Si el escribir no es arte que se pergeñe colocando palabras sucesivamente con resuelta coherencia, el leer no es arte que se condense pasando la vista por ellas, comprendiendo aproximadamente su sentido y significado. Reducir el objetivo de la lectura a un mero ejercicio de comprensión denigra la amplitud de sus cuantiosos beneficios. Reducir el ejercicio de la lectura al contenido del texto impide extraer el provecho de sus atribuciones. En la lectura, entendida como arte, hay que recrearse, dedicarle su tiempo y concentrar los sentidos. Respetar los signos de puntuación y las entonaciones, analizar la morfología y la sintaxis, preocuparse por buscar en un diccionario aquellos vocablos cuyo significado se ignore, hacer vibrar emociones y sentimientos; evitar, en definitiva, un tono neutro o aséptico; dotar de vida la narración, procesando la información. Y todo simultáneamente, durante el mismo recorrido de la vista sobre las palabras. De ahí la recreación. Sólo así se podrá sacar la máxima utilidad a la lectura. Para lograrlo, tan perjudicial es recurrir a narraciones chapuceras, simples, que únicamente se limitan al contenido, a soltar una historia comprensible al lector, sin trabajar los demás aspectos de la lengua (mala lectura); como desatender la necesidad intelectual de leer (escasa lectura).

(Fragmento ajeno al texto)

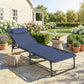 Folding Lounge Chair, Adjustable Chaise Lounge with Headrest, Reclining Lounger Cot for Camping, Hiking, Light Grey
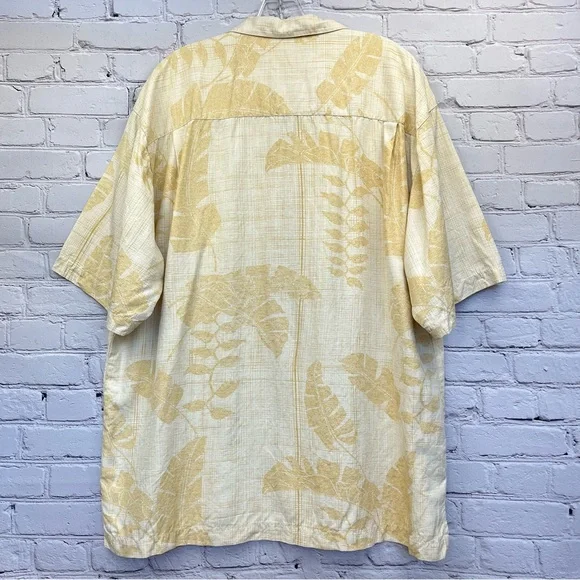 Tommy Bahama Short Sleeve Button Up Silk Hawaiian Shirt Golden Yellow Sz XL - Picture 11 of 16
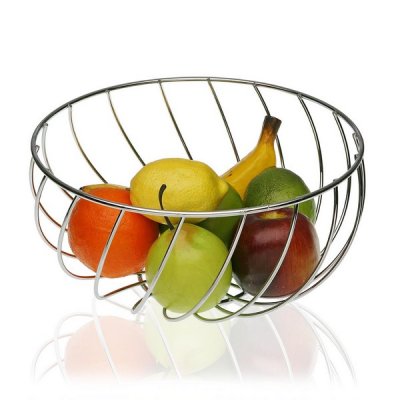 Fruit Bowl Metal Chromed (28 x 14 x 28 cm)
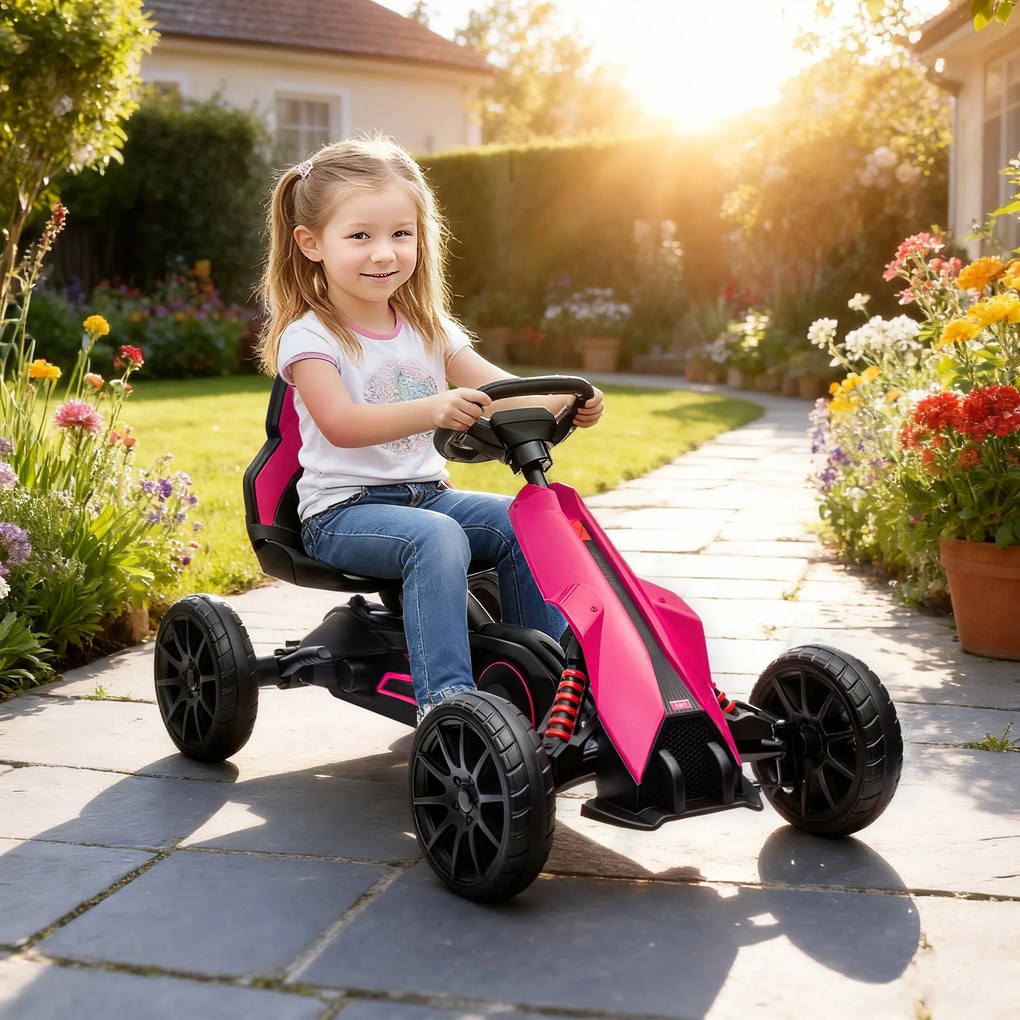 Go Kart a Pedali per Bambini 3-8 Anni 100x58x58,5 cm con Sedile Regolabile e Ruote in EVA Rosa e Nero...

Unas dos semanas después de aquella rueda de prensa, El País publicó el artículo «Lee mucho y (no) escribirás mejor», el cual (con más pretensiones de réplica que de información, diría yo) daba cuenta de un proyecto británico que «… perseguía que las instituciones públicas se preocupasen por hacer más fácil al ciudadano la comprensión de cualquier información y denunciaba la inutilidad de los textos largos y confusos en defensa de lo simple y directo». Advertía de que en España no existía iniciativa semejante y recogía declaraciones de profesores y catedráticos reivindicadores de una «escritura eficaz», con construcciones sencillas, no recargadas con subordinadas ni cultismos; lecturas contemporáneas; textos breves, claros, simplificados… Dejo tecleado, pues, mi patente desacuerdo. Identifique al cerebro como un músculo que requiere trabajo y esfuerzo, para perfeccionarse, progresar y aumentar. Requiere lecturas y escrituras dotadas de algunas dosis de complejidad, para sortear su parálisis, su agarrotamiento… Excepto que la misión del bendito proyecto, fuera aborregar, para allanar el control y potenciar la sumisión, la docilidad. Aunque los entrevistados tenían su razón —lo cortés no quita lo valiente— cuando afirmaban: «Para aprender a redactar es necesario fijarse en las construcciones de las frases […] para luego ponerlo en práctica. No basta con leer de corrido y quedarse solo con la trama…» o «… “a escribir se aprende escribiendo”. “Las diferentes reformas educativas no han potenciado la escritura y han pasado por alto que es necesaria en todas las especialidades. El sistema es cada vez menos exigente. La práctica es imprescindible para escribir buenos textos”». Siempre que tales aseveraciones no se afinen con los criterios que patrocinan.
Una buena y abundante lectura ennoblece el intelecto, faculta para expresarse con precisión y rigor y satisface la avidez de superación personal. El escritor y el lector, en consecuencia, tienen el deber de cumplir con sus funciones adecuadamente, por respeto a la lengua española y por compromiso con la propia evolución humana.